IGNIS
Sanders Group

Age:

Mississippian

Type designation:

Type locality: The Sanders Group was named by Smith (1965) to include the Harrodsburg and Salem Limestones (Shaver, 1970; Rexroad, 1986). The type locality is near Sanders in Monroe County, Indiana, but a specific type section was not designated by Smith (1965, p. 9) (Shaver, 1970; Rexroad, 1986).

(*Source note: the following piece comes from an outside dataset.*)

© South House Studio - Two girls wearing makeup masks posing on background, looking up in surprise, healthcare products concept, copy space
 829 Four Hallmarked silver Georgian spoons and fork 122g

Reference sections: Smith’s (1965, p. 9) reference sections are in tributaries of Ramp Creek within 0.5 miles (0.8 km) east and northeast of Sanders and in an abandoned quarry in the center of the E½NW¼SE¼ sec. 33, T. 8 N., R. 1 W. (Shaver, 1970; Rexroad, 1986).

History of usage:

The group was expanded by Nicoll and Rexroad (1975, pl. 2, p. 4), who raised the Ramp Creek Limestone Member (Muldraugh Formation) to formational rank and included it and the laterally equivalent Muldraugh Formation in the Sanders Group (Rexroad, 1986).

Description:

The Sanders Group consists of a variety of carbonate rocks in complex facies relationships (Rexroad, 1986). The Ramp Creek and Muldraugh Formations at the base of the group are dominantly a mixture of fine-grained dolostone and of limestone that in places contains abundant echinodermal and bryozoan fragments (Rexroad, 1986). Cherty and siliceous intervals are common, and minor amounts of siltstone and shale are present (Rexroad, 1986). Above that interval in the Harrodsburg Limestone well-cemented bioclastic calcarenites and calcirudites are dominant over argillaceous limestone, dolosiltites, and shale (Rexroad, 1986). The abundance of geodes and chert decreases upward in the group (Rexroad, 1986). The Salem Limestone except for the Somerset Shale Member at its base is dominated by porous calcarenite, although it contains a wide variety of other kinds of limestone (Rexroad, 1986).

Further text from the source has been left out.